##### Data extract

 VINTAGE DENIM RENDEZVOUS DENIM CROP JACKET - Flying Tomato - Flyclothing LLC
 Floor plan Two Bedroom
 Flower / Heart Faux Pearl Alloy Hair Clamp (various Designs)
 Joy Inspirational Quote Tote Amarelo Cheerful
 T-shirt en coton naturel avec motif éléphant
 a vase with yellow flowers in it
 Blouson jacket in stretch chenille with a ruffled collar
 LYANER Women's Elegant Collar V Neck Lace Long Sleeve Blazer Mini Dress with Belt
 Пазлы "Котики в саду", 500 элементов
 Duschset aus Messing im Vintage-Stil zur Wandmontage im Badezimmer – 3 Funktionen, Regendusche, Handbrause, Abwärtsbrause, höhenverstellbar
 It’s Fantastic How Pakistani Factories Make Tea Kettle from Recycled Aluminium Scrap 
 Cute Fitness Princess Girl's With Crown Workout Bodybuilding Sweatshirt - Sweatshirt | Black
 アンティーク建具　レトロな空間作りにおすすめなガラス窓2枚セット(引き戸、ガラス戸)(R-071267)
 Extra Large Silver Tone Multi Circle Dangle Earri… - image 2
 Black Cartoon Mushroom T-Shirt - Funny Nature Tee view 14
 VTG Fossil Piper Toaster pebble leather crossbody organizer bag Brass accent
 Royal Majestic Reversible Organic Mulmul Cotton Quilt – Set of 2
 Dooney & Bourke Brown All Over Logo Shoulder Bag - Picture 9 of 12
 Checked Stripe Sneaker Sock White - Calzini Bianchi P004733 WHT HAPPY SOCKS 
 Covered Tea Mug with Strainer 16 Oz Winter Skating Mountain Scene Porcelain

##########

Work required -
If a line in the records includes the string "Black", copy it.

Result for this exercise -
 Cute Fitness Princess Girl's With Crown Workout Bodybuilding Sweatshirt - Sweatshirt | Black
 Black Cartoon Mushroom T-Shirt - Funny Nature Tee view 14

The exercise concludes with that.